The three-dimensional shape of molecules also affects their electronic structure. However, while electronic effects obviously affect the geometry of binding between reagent and substrate,² and while they can modulate the degree of stereoselectivity based on their modulation of reactivity and hence transition state geometry,³ electronic effects have seldom been invoked as determinants in and of themselves of the sense of enantioselectivity. At least part of this scarcity is due to the omnipresence of steric effects masking possible electronic influences. A handful of cases have been developed where isosteric but electronically disparate groups—nitrosylvs.carbonyl,⁴ or nitrogenvs. phosphorus⁵—have been used as the sources of chirality in metal-based reagents or catalysts (Fig. 1). In these examples, the observed stereoselectivities must attest to the electronic desymmetrization of the allyl group by the unsymmetrical metal center.

Fig. 1 Complexes that are sterically mirror-symmetric but are rendered chiral by virtue of electronically unsymmetrical groups. (a) ref. 4. (b) ref. 5.

The enantiomers of 1,1′-bi-2-naphtholate (BINOL²⁻) bind differentially to the chiral cis-(dike)₂Ti^IV fragment (dike = β-diketonate), with very high diastereoselectivities (> 100 : 1 in some cases).⁶ Here the basis for enantiodiscrimination was also attributed (principally) to electronic effects due to dπ-pπ bonding on the basis of the striking differences in selectivity between the quasi-isostructural titanium and tin complexes.

Unlike the previously cited cases, the (dike)₂Ti^IV fragment is C₂-symmetric and the two available binding sites are therefore homotopic. The C₁-symmetric molecules in Fig. 1 can direct an incoming nucleophile preferentially to one side of the allyl ligand because the electronic properties of the two sides are inequivalent, a distinction that could be termed electronic asymmetry. Any stereodiscrimination exerted by the symmetrical (dike)₂Ti^IV fragment cannot arise by this mechanism. Instead, it must arise from the chirality of the electronic environment of each individual binding site, an effect that can be termed electronic dissymmetry.

This work raises the more general question of what kinds of environments would give rise to effective levels of electronic dissymmetry in metal complexes. For example, are all cis-bis(chelate)titanium(IV) complexes equally useful in this regard, or are there specific features of the ligands that are important? Here, we address this issue by comparing the stereoselectivities of biphenolate binding of bis(diketonate)titanium(IV) complexes with those displayed by analogous bis(hydroxamate) and mixed hydroxamate–diketonate complexes.
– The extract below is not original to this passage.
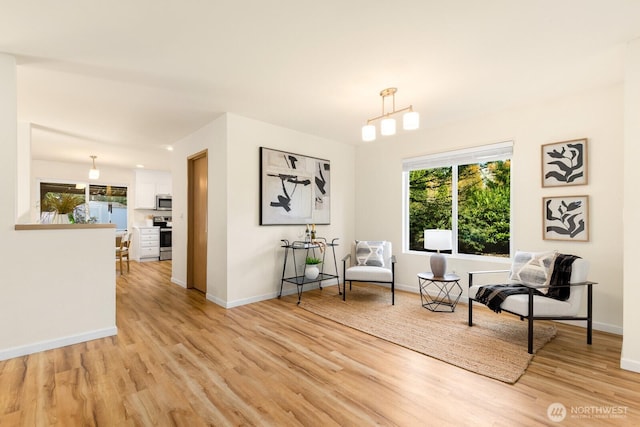 17427 92nd Ave NE, Bothell, WA 98011 - living area featuring light wood-style floors, healthy amount of natural light, and baseboards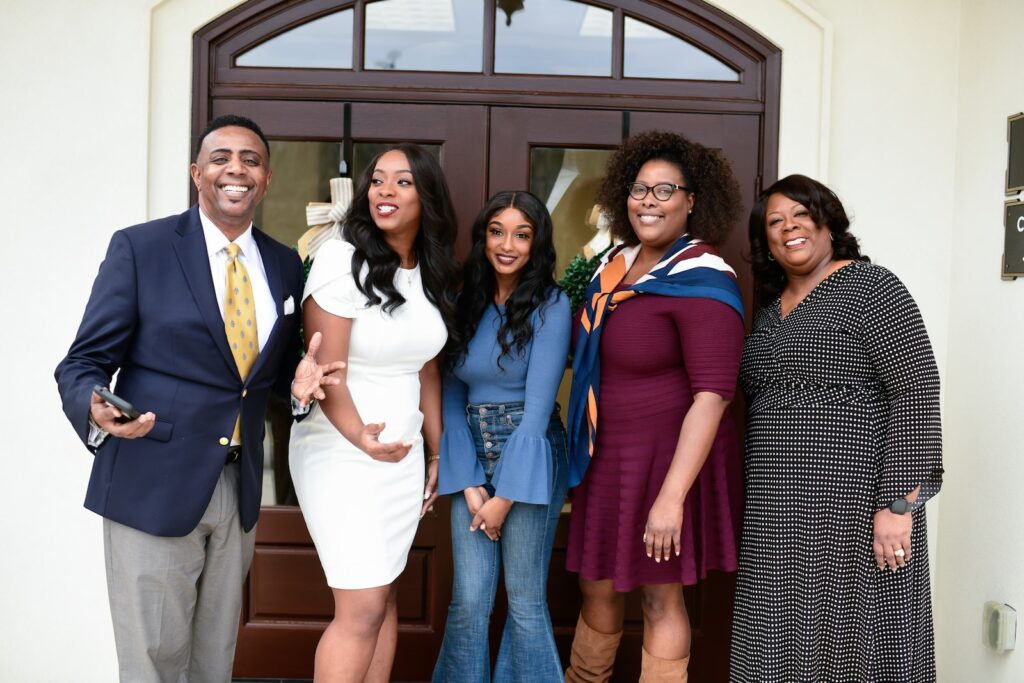 3 women and 2 men standing beside black wooden door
The behaviour of a series of 3,3′,5,5′-tetrasubstituted biphenolates with substituents of varying electronic and steric character also sheds light on the origins of stereoselectivity in these complexes.

Results and discussion

Origin of electronic dissymmetry in bis(chelate)titanium(IV) complexes

The origin of electronic dissymmetry is most easily analyzed in a C₂-symmetric complex such as (acac)₂TiCl₂ (acac = acetylacetonate). In an octahedral complex such as this one, the σ bonding is nearly C_2v-symmetric and so does not contribute appreciably to any dissymmetry. In contrast, the π bonding (between the acac ligands and Ti) is intrinsically chiral by virtue of the propeller-type chirality at the titanium centre. Since this is a d⁰ complex, the relevant π bonding interactions would appear to be ligand-to-metal π donation. For the diketonate ligand, the only good π donor orbital is the π_nb orbital, which has two nodes and thus has in-phase components on the two oxygen atoms (Fig. 2). There are thus two acac-based donor orbitals, an A combination (symmetric with respect to the twofold axis) and a B combination (antisymmetric with respect to the twofold axis). In an octahedral complex, there are three dπ orbitals (the t_2g set in true O_h symmetry), which transform as 2A + B in the C₂ point group. The key phenomenon occurs in the A manifold, since there are two acceptor orbitals but only one donor orbital. This ligand-based donor orbital can overlap with both dπ orbitals of A symmetry and thus mixes them together. One combination of metal orbitals overlaps strongly with the ligand orbital and forms a bonding and antibonding combination with it; the second combination has essentially no overlap and forms a nonbonding (metal-centred) orbital. This orbital has two critical features: (1) It is the LUMO of the complex (since the other two dπ orbitals have been raised in energy through π interactions with the filled acac π orbitals), so any filled π donor orbitals on a substrate that would displace the chloride ligands should preferentially maximize overlap with this orbital. (2) While either one of the ‘usual’ A-symmetry dπ orbitals is spatially mirror-symmetric with respect to the two mirror planes of the TiCl₂ fragment, their linear combination is not. Instead, it has a noticeable inclination with respect to this plane (Fig. 3a). To maximize overlap with the LUMO, then, the substrate would be expected to bind so as to have its π-donor orbitals align as closely as possible with this inclined LUMO. This gives a mechanism for the communication of chirality from titanium to substrate, one based on a purely electronic phenomenon, namely a virtual orbital.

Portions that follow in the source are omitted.